Start of STORED DATA

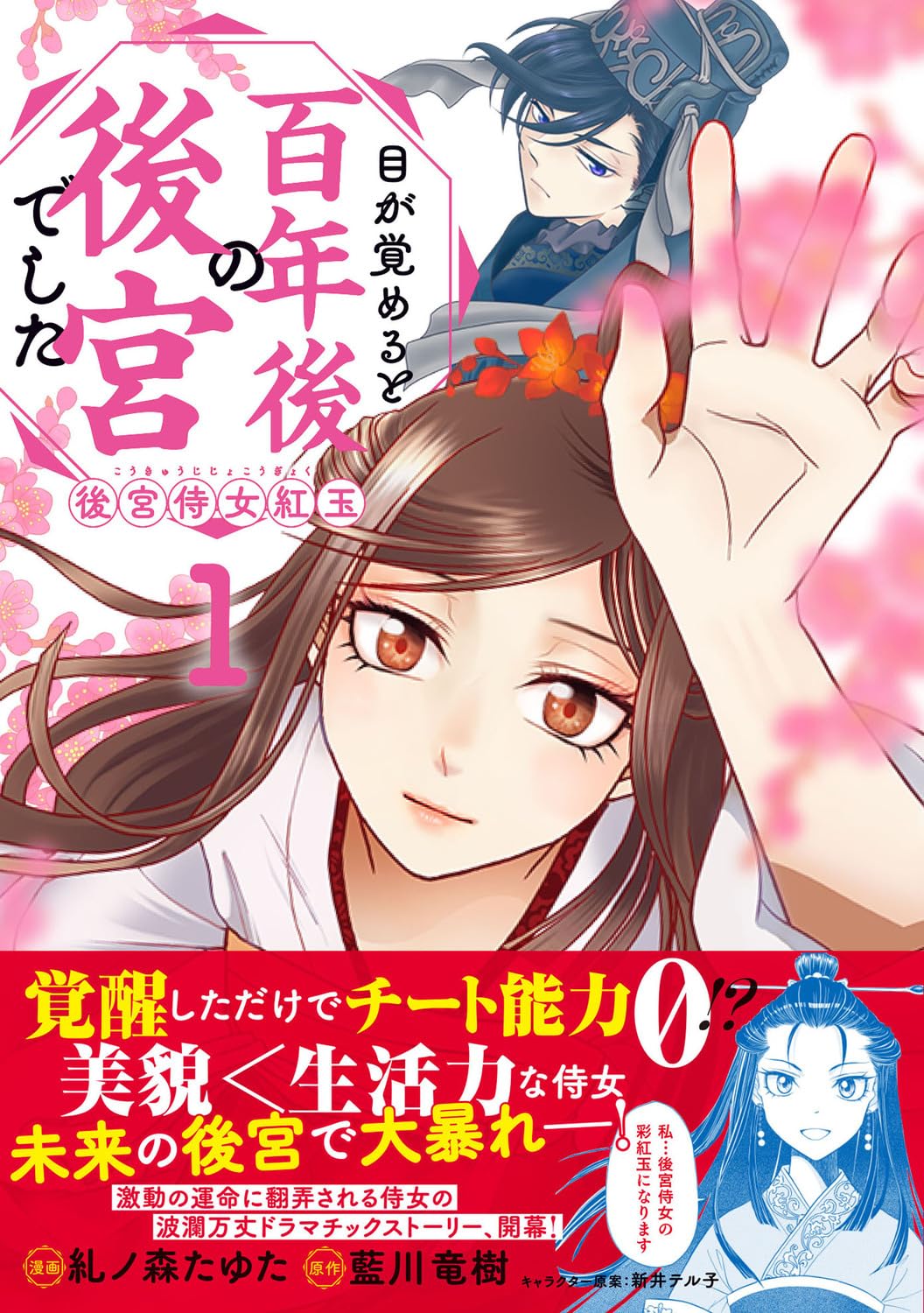 「目が覚めると百年後の後宮でした 後宮侍女紅玉」1巻（帯付き）
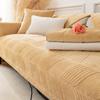 Sofa Cushions Are Non-slip In Winter, Plush Cushions, Backrest Covers, Four-season Sofa Covers, Armrest Covers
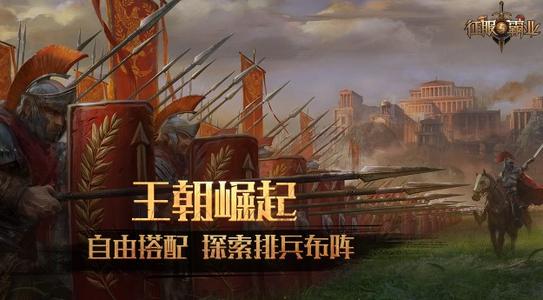 《征服与霸业》开荒队伍搭配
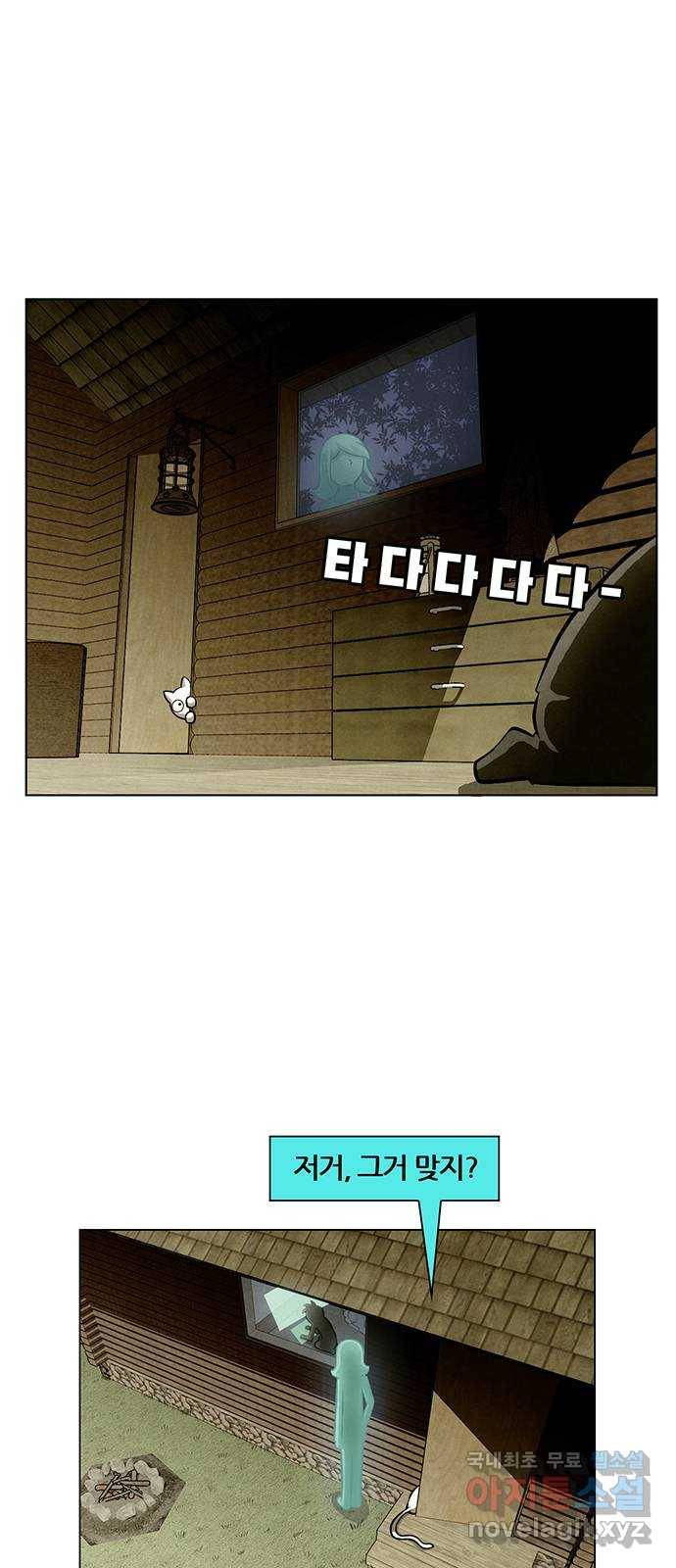 꿈의 기업 5부 60화 7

End of STORED DATA

Retype the data word for word, please, and keep the images out.

 「目が覚めると百年後の後宮でした 後宮侍女紅玉」1巻（帯付き）
 Sofa Cushions Are Non-slip In Winter, Plush Cushions, Backrest Covers, Four-season Sofa Covers, Armrest Covers
 《征服与霸业》开荒队伍搭配
 꿈의 기업 5부 60화 7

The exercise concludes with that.